Sehingga, kata Bintang, cakupan dan tujuan dari RUU TPKS dapat merumuskan secara menyeluruh.
"Perlu kita kawal baik dalam bentuk penyusunan maupun perumusan substansinya, sehingga cakupan dan tujuan daripada undang-undang tersebut dapat merumuskan secara menyeluruh," ujar Bintang dalam acara Media Talk dengan dengan tema 'RUU TPKS Sah Sebagai RUU Inisiatif DPR' secara virtual, Rabu (19/1/2022).
Pernyataan Bintang menyusul pengesahan RUU TPKS sebagai hak inisiatif DPR.
Bintang menuturkan, adanya laporan kasus kekerasan terhadap perempuan dan anak yang meningkat di tahun 2021 menunjukkan sistem hukum di Indonesia belum secara menyeluruh mencegah, melindungi hingga memberikan akses pemberdayaan kepada korban kekerasan seksual.
Kata Bintang, dari data Sistem Informasi Online Perlindungan Perempuan (SIMFONI-PPA) per 2 Januari 2022, menunjukkan sepanjang 2021 terdapat 10.247 kasus kekerasan terhadap perempuan.

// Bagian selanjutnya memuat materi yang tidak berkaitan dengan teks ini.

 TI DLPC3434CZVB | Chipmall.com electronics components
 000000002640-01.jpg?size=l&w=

Dari jumlah tersebut, 15, 2 persen merupakan kasus kekerasan seksual.
Kemudian dari 14.517 kasus kekerasan anak, 45,1 persen adalah kasus kekerasan seksual terhadap anak
"Tak bisa dipungkiri, bahwa hal tersebut memperlihatkan semakin besarnya kehadiran negara di tengah masyarakat untuk melindungi perempuan dan anak, dari segala bentuk kekerasan di tengah sistem hukum Indonesia, yang belum secara sistematis dan menyeluruh mampu mencegah, melindungi, memulihkan dan memberikan akses pemberdayaan bagi korban kekerasan seksual," ucap dia.

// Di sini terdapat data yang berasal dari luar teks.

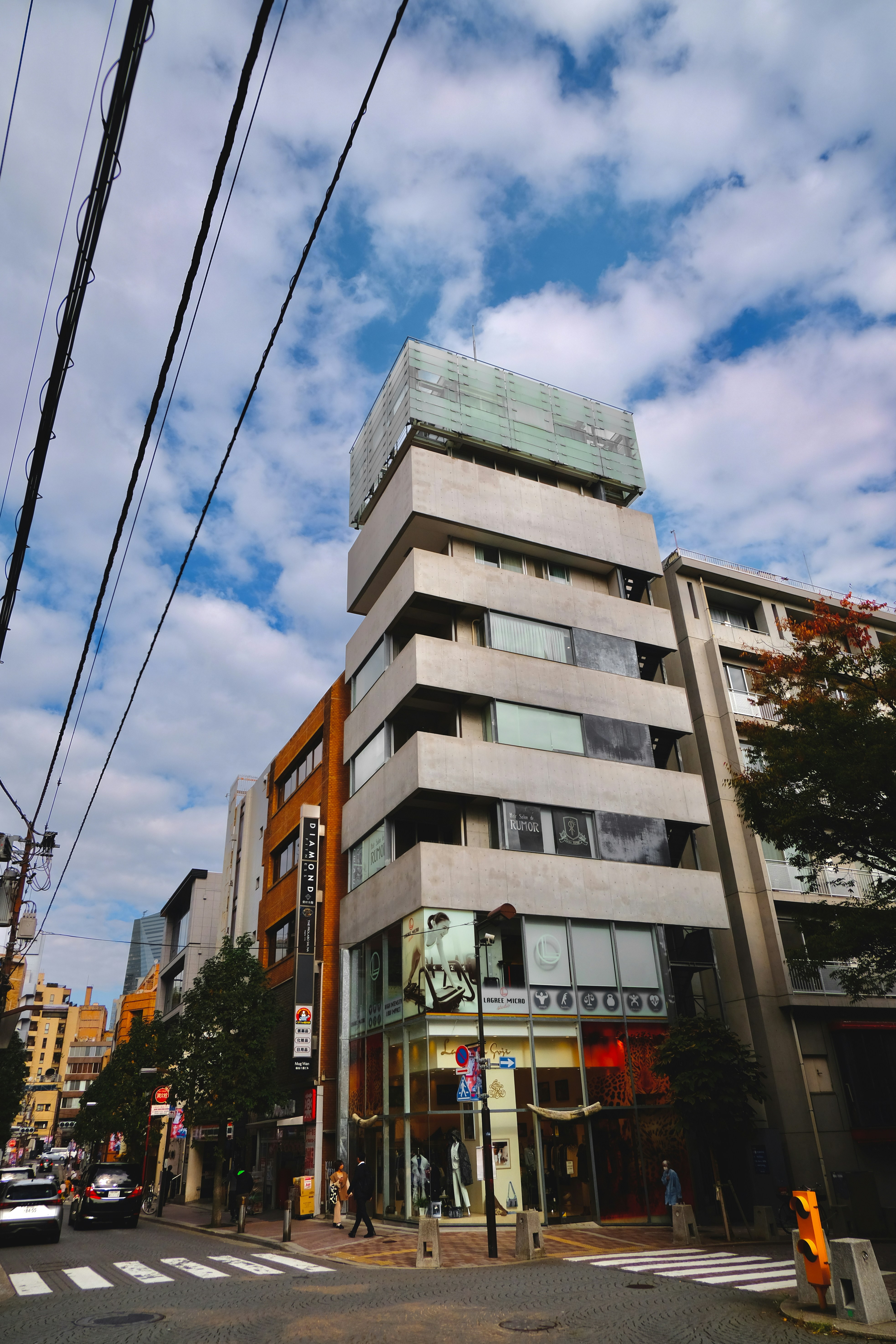 Photo by jonasgerlach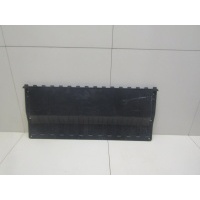Пол багажника Audi Allroad quattro 2005-2012 4F9864797B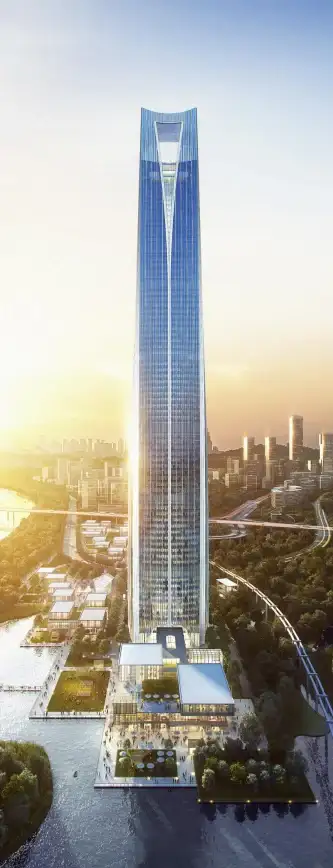 想要实时查看家中动态？V380Pro软件最新版满足你所有需求！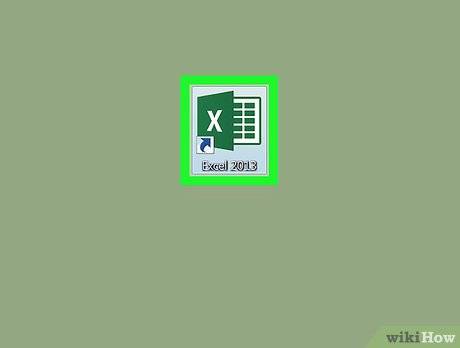 如何在EXCEL中链接工作表_搜狐网
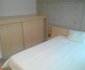 Shukela Training Centre and B&B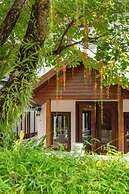 Rimping Village Hotel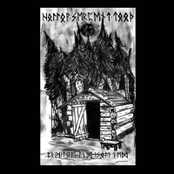 Primitive and Isolated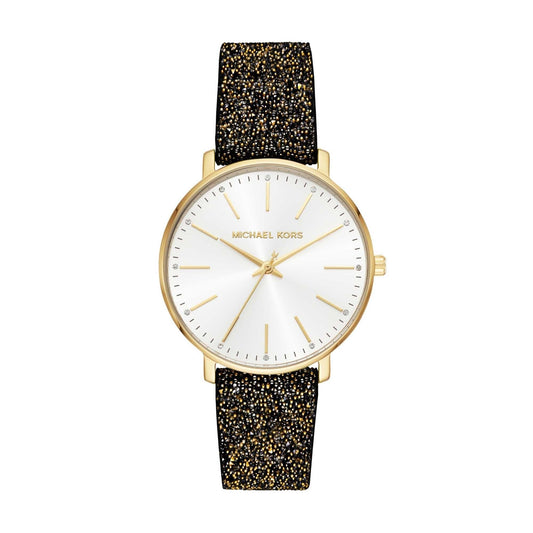 Pyper Ladies Watch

Sehingga, kata Bintang, masyarakat membutuhkan adanya payung hukum dalam bentuk undang-undang yaitu RUU TPKS yang sebelumnya dikenal dengan RUU Penghapusan Kekerasan Seksual.

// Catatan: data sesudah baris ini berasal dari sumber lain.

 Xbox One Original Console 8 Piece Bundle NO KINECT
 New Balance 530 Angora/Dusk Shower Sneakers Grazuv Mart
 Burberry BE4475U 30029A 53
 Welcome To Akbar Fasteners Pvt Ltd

Baca Juga: 14.517 Kasus Kekerasan Anak Terjadi Sepanjang 2021, Hampir Setengahnya Kekerasan Seksual
Bintang menuturkan, RUU tersebut sebagai upaya pembaharuan hukum yang diwujudkan secara komperhensif.
"Rancangan undang-undang tindak pidana kekerasan seksual sendiri diharapkan menjadi upaya pembaharuan hukum dan bertujuan untuk mencegah segala bentuk kekerasan seksual, menangani, melindungi dan memulihkan korban, menindak pelaku dan mewujudkan lingkungan yang bebas kekerasan seksual," kata dia.
Bintang memaparkan, dinamika pembahasan dari pada RUU TPKS ini telah mengalami pasang surut sejak 2017. Tingginya tuntutan masyarakat untuk lahirnya undang-undang, kata dia telah menyebabkan pembahasan RUU TPKS menjadi begitu dinamis, bahkan sempat mengalami penundaan.
"Namun demikian, dalam proses ini, pro kontra yang terjadi, harus disikapi dengan bijak dan positif menjadi ruang bagi kita semua, untuk membenahi dan memformulasikan kembali rancangan undang-undang sehingga dapat mengakomodir kepentingan semua pihak," katanya.
Diketahui, dalam Sidang Paripurna pada Selasa (18/1/2022) pagi, DPR mensahkan RUU TPKS menjadi hak inisiatif DPR. RUU usulan inisiatif DPR tersebut, akan diserahkan kepada Presiden untuk diterbitkannya Surat Presiden (Surpres).